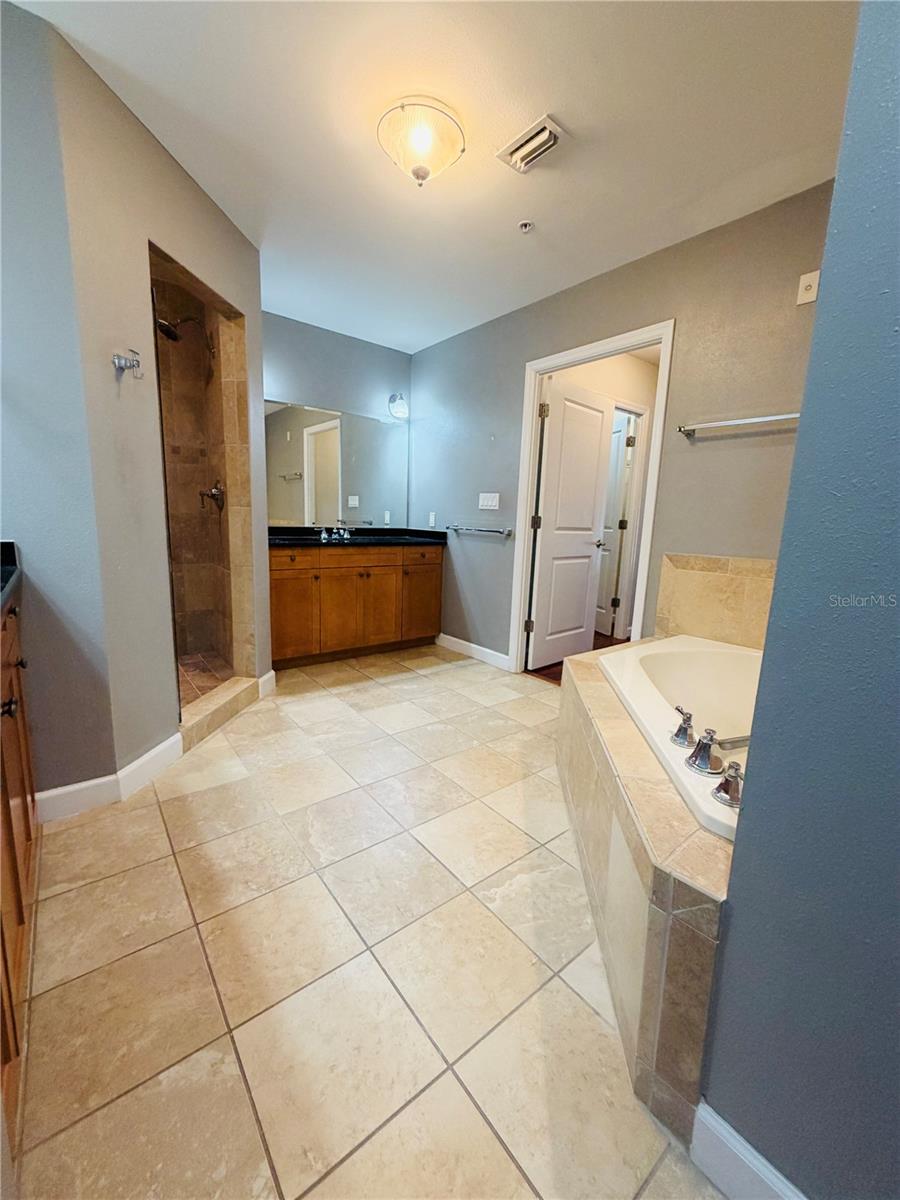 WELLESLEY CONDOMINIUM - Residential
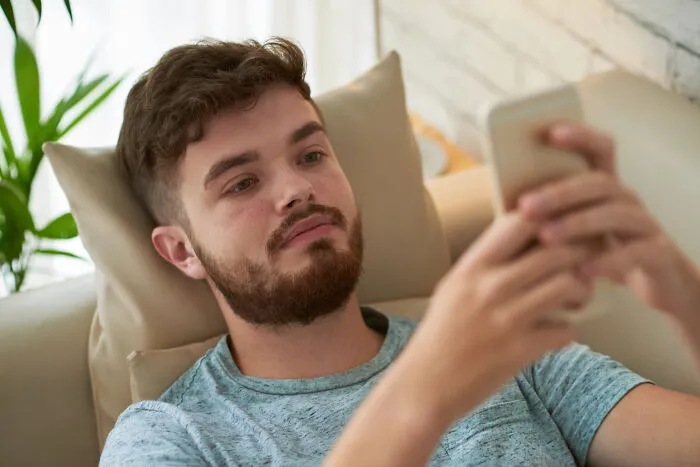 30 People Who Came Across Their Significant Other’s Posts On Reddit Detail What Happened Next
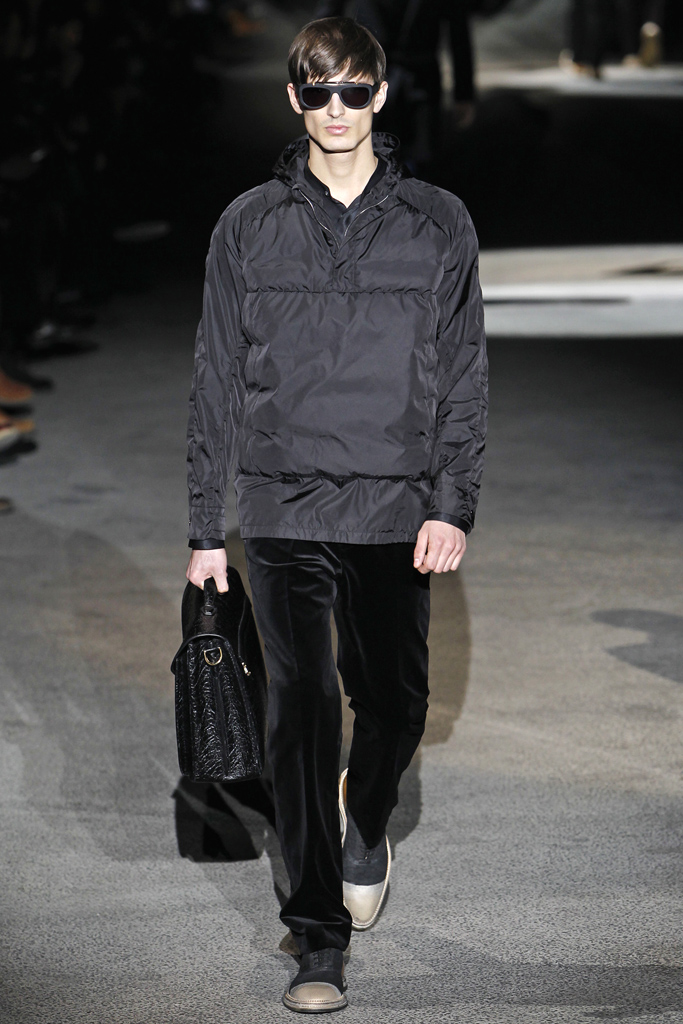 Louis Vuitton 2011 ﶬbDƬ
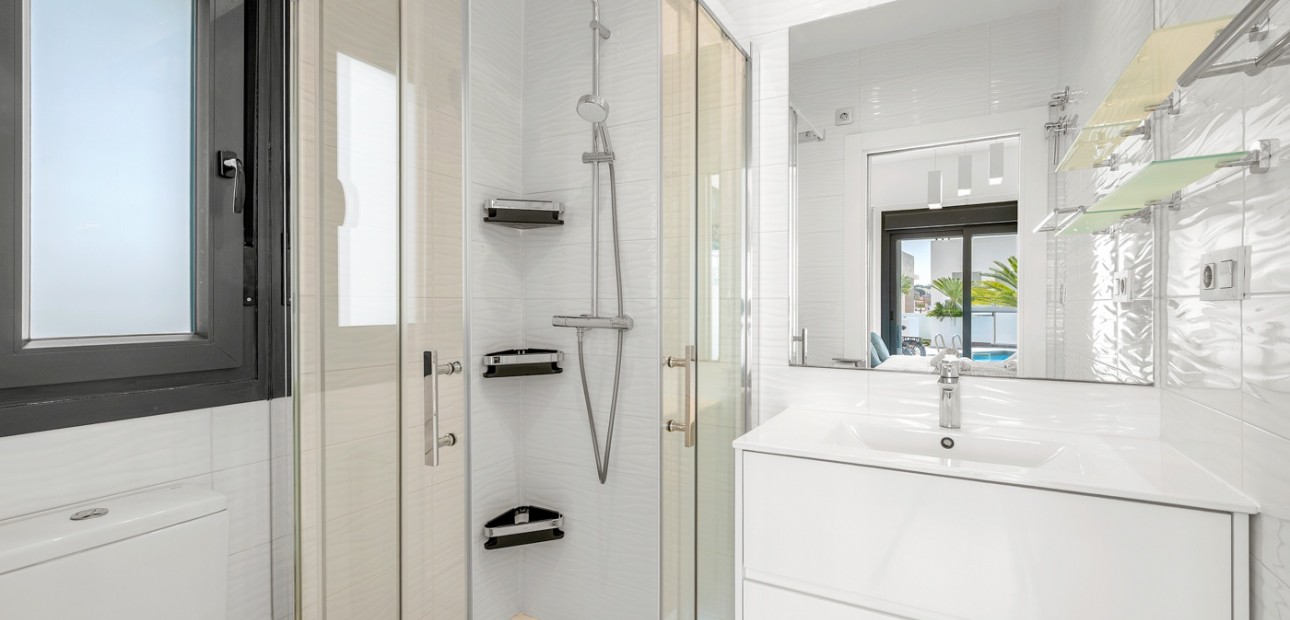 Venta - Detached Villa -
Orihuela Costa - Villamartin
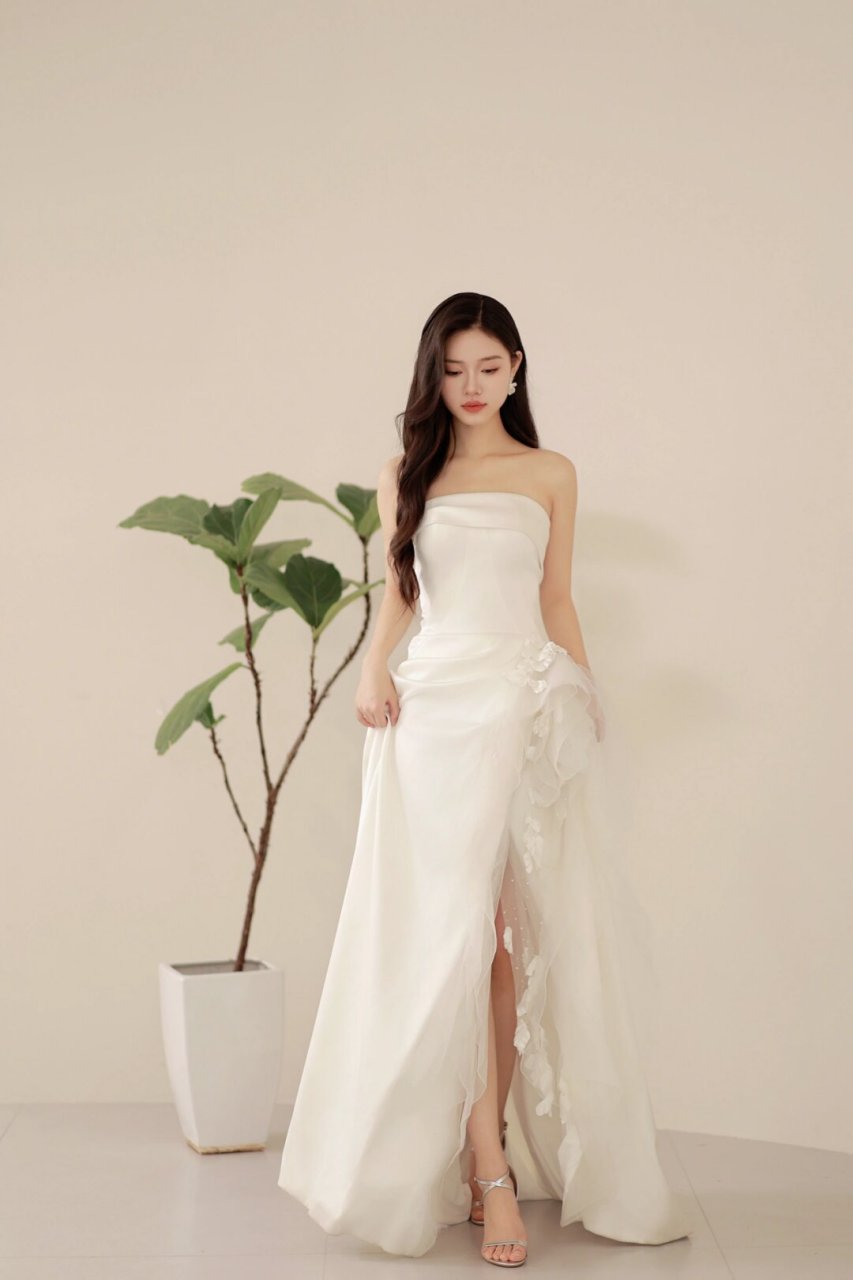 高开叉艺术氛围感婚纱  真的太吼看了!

--

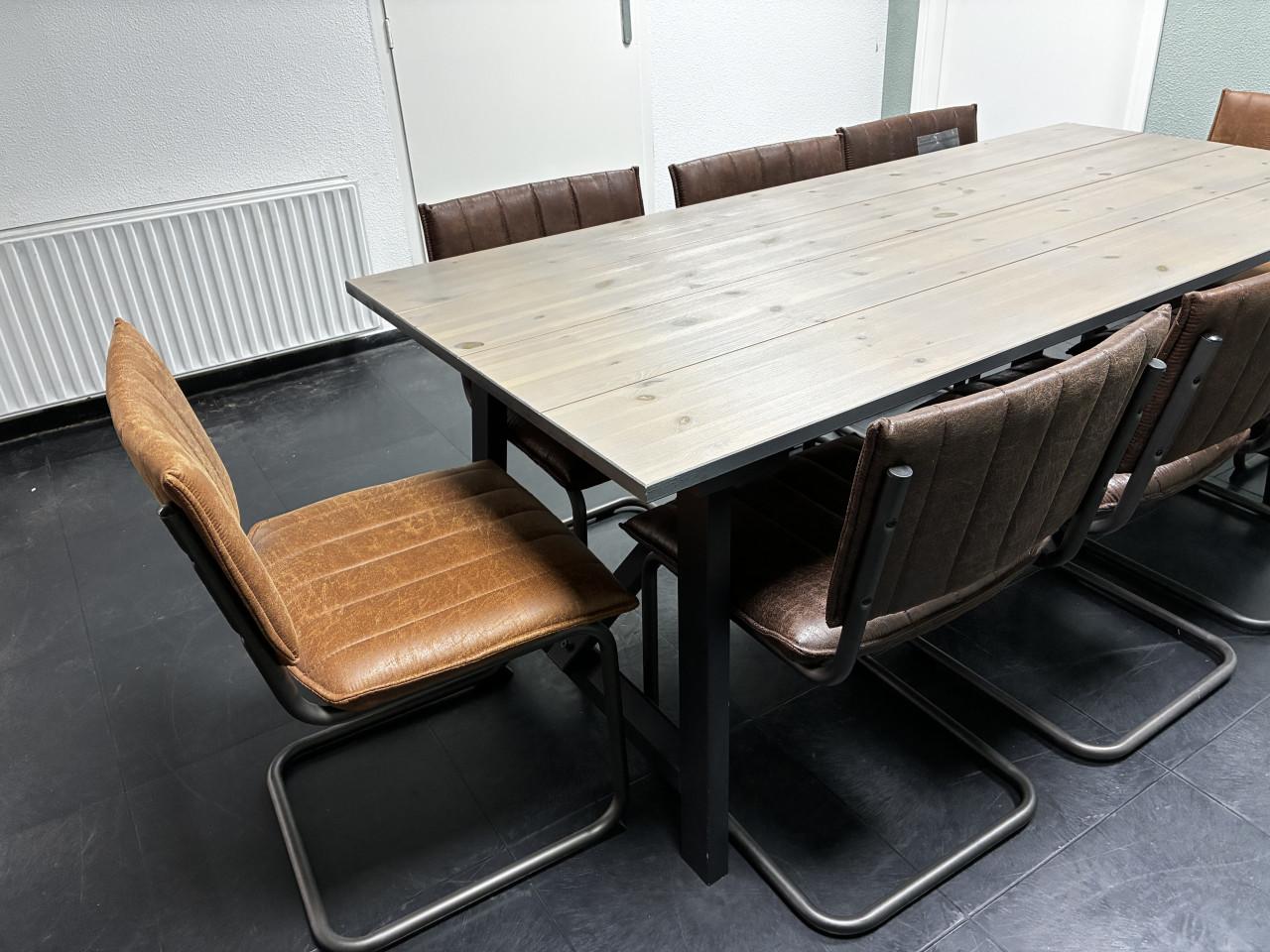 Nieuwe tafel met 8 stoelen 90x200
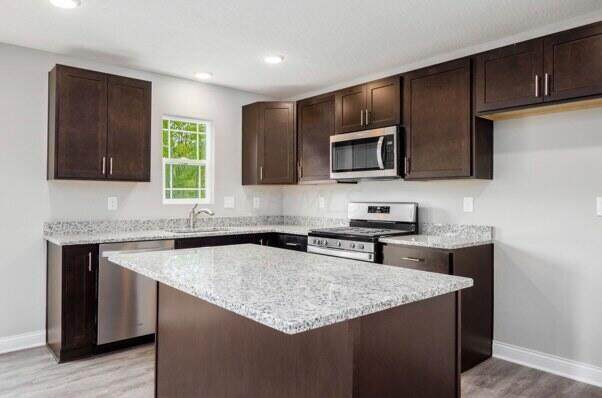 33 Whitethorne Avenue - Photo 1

## Work instructions
The stretch above running from the line with "Nieuwe tafel met 8 stoelen 90x200" through the line with "33 Whitethorne Avenue - Photo 1" is all you should copy, exactly, leaving out the pictures.

## Output
 Nieuwe tafel met 8 stoelen 90x200
 33 Whitethorne Avenue - Photo 1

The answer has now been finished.